● **What you need to do**
Print the records exactly. Every mark must remain.

● **Scraped caption text data**
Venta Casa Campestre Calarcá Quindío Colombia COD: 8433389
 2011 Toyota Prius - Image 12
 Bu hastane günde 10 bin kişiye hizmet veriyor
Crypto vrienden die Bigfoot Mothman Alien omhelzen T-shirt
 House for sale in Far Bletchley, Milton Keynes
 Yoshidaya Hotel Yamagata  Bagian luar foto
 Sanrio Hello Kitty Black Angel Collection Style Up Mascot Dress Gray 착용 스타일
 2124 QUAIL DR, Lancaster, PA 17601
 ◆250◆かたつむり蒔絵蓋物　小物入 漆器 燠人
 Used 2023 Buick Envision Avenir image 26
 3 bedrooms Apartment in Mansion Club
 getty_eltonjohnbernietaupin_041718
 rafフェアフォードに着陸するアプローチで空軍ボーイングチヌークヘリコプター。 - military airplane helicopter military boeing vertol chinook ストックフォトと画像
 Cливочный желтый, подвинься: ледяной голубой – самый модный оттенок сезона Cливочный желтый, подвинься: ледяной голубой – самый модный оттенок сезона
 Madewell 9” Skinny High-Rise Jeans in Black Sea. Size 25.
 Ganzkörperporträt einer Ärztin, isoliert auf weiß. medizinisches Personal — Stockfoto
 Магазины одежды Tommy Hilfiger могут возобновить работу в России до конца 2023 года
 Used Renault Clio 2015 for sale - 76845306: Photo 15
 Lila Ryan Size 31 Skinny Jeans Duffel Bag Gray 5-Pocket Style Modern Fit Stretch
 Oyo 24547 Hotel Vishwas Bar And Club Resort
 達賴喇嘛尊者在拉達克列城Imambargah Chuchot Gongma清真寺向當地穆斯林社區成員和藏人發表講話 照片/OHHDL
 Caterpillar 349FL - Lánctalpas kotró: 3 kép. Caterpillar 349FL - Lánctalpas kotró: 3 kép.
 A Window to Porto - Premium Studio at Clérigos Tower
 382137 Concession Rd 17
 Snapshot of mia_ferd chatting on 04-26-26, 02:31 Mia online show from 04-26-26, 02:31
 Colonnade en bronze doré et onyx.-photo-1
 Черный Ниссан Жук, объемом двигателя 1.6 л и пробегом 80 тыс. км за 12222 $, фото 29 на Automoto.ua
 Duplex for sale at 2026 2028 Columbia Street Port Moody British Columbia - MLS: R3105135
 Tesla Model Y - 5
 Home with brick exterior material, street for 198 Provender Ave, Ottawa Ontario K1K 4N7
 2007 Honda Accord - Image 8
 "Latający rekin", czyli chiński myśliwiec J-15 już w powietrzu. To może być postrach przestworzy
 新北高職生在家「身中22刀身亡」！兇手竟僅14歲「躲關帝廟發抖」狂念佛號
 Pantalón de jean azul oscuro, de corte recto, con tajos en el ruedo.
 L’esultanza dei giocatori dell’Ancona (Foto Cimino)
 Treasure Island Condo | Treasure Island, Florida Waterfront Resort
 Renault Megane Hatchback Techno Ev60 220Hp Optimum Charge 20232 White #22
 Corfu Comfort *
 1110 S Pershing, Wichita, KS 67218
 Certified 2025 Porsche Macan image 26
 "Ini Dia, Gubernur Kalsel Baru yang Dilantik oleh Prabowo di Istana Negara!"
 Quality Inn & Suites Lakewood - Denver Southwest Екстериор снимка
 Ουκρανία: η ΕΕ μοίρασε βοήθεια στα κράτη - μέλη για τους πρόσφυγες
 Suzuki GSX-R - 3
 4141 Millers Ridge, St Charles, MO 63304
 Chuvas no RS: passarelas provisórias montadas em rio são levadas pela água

● **The completed task**
Venta Casa Campestre Calarcá Quindío Colombia COD: 8433389
 2011 Toyota Prius - Image 12
 Bu hastane günde 10 bin kişiye hizmet veriyor
Crypto vrienden die Bigfoot Mothman Alien omhelzen T-shirt
 House for sale in Far Bletchley, Milton Keynes
 Yoshidaya Hotel Yamagata  Bagian luar foto
 Sanrio Hello Kitty Black Angel Collection Style Up Mascot Dress Gray 착용 스타일
 2124 QUAIL DR, Lancaster, PA 17601
 ◆250◆かたつむり蒔絵蓋物　小物入 漆器 燠人
 Used 2023 Buick Envision Avenir image 26
 3 bedrooms Apartment in Mansion Club
 getty_eltonjohnbernietaupin_041718
 rafフェアフォードに着陸するアプローチで空軍ボーイングチヌークヘリコプター。 - military airplane helicopter military boeing vertol chinook ストックフォトと画像
 Cливочный желтый, подвинься: ледяной голубой – самый модный оттенок сезона Cливочный желтый, подвинься: ледяной голубой – самый модный оттенок сезона
 Madewell 9” Skinny High-Rise Jeans in Black Sea. Size 25.
 Ganzkörperporträt einer Ärztin, isoliert auf weiß. medizinisches Personal — Stockfoto
 Магазины одежды Tommy Hilfiger могут возобновить работу в России до конца 2023 года
 Used Renault Clio 2015 for sale - 76845306: Photo 15
 Lila Ryan Size 31 Skinny Jeans Duffel Bag Gray 5-Pocket Style Modern Fit Stretch
 Oyo 24547 Hotel Vishwas Bar And Club Resort
 達賴喇嘛尊者在拉達克列城Imambargah Chuchot Gongma清真寺向當地穆斯林社區成員和藏人發表講話 照片/OHHDL
 Caterpillar 349FL - Lánctalpas kotró: 3 kép. Caterpillar 349FL - Lánctalpas kotró: 3 kép.
 A Window to Porto - Premium Studio at Clérigos Tower
 382137 Concession Rd 17
 Snapshot of mia_ferd chatting on 04-26-26, 02:31 Mia online show from 04-26-26, 02:31
 Colonnade en bronze doré et onyx.-photo-1
 Черный Ниссан Жук, объемом двигателя 1.6 л и пробегом 80 тыс. км за 12222 $, фото 29 на Automoto.ua
 Duplex for sale at 2026 2028 Columbia Street Port Moody British Columbia - MLS: R3105135
 Tesla Model Y - 5
 Home with brick exterior material, street for 198 Provender Ave, Ottawa Ontario K1K 4N7
 2007 Honda Accord - Image 8
 "Latający rekin", czyli chiński myśliwiec J-15 już w powietrzu. To może być postrach przestworzy
 新北高職生在家「身中22刀身亡」！兇手竟僅14歲「躲關帝廟發抖」狂念佛號
 Pantalón de jean azul oscuro, de corte recto, con tajos en el ruedo.
 L’esultanza dei giocatori dell’Ancona (Foto Cimino)
 Treasure Island Condo | Treasure Island, Florida Waterfront Resort
 Renault Megane Hatchback Techno Ev60 220Hp Optimum Charge 20232 White #22
 Corfu Comfort *
 1110 S Pershing, Wichita, KS 67218
 Certified 2025 Porsche Macan image 26
 "Ini Dia, Gubernur Kalsel Baru yang Dilantik oleh Prabowo di Istana Negara!"
 Quality Inn & Suites Lakewood - Denver Southwest Екстериор снимка
 Ουκρανία: η ΕΕ μοίρασε βοήθεια στα κράτη - μέλη για τους πρόσφυγες
 Suzuki GSX-R - 3
 4141 Millers Ridge, St Charles, MO 63304
 Chuvas no RS: passarelas provisórias montadas em rio são levadas pela água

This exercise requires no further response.